In the training set, the AUCs achieved 1.000 at three different magnifications. The differences of Acc between the three groups was statistically significant (P = 0.003, Chi-square test) (significance threshold P < 0.05). The group of 10 × magnification (Acc = 1.000) outperformed that of 20 × (Acc = 0.996) (P = 0.004, Chi-square test) (Bonferroni-adjusted significance threshold P’ < 0.017). There was no statistically significant difference in Acc between the groups of 5 × and 10 × (0.999 vs. 1.000, P = 0.250, Chi-square test) (Bonferroni-adjusted significance threshold P’ < 0.017) and between the groups of 5 × and 20 × (0.999 vs. 0.996, P = 0.109, Chi-square test) (Bonferroni-adjusted significance threshold P’ < 0.017).

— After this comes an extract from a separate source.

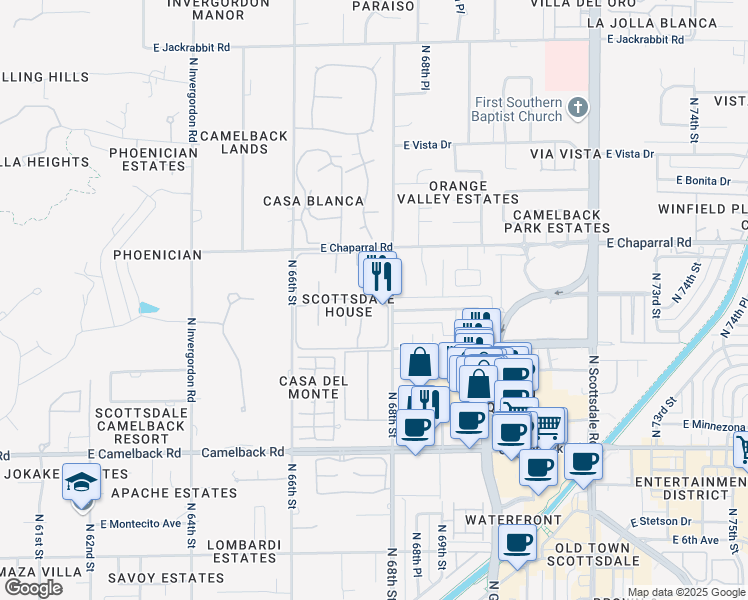 map of restaurants, bars, coffee shops, grocery stores, and more near 4800 North 68th Street in Scottsdale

In the internal validation set, the AUC achieved 0.995 when pictures were magnified 10 times. The AUCs were also very close to it when images were magnified 5 times (AUC = 0.995) and 20 times (AUC = 0.994). The differences in Acc among the three groups of different magnifications (0.976, 0.976, and 0.979) were not statistically significant (P = 0.870, Chi-square test) (Bonferroni-adjusted significance threshold P’ < 0.017). It can be seen that our GastroMIL model achieved excellent diagnostic ability for the differentiation of malignant and normal gastric pathological pictures, and the generalization performance was excellent for images at these three magnifications.
The diagnosis prediction by the GastroMIL model was based on the classification probability output of all tiles, which can be used to visualize the localization of highly suspected lesions on positive sections. That is, tiles predicted positive could show chromatic aberration, and through appropriate strides, suspected areas would overlap many times, colour of which thus became warmer and darker than other areas. The warmer the colour, the higher the probability that GastroMIL predicted malignant in this area. Fig. 1b showed how heat maps generated by GastroMIL. Heat maps of the RHWU (Fig. 3) and TCGA (Supplementary Fig. 2) cohorts could almost accurately outline the area where the tumour was located, regardless of different cohorts or pathological TNM stage, indicating excellent generalization performance of GastroMIL.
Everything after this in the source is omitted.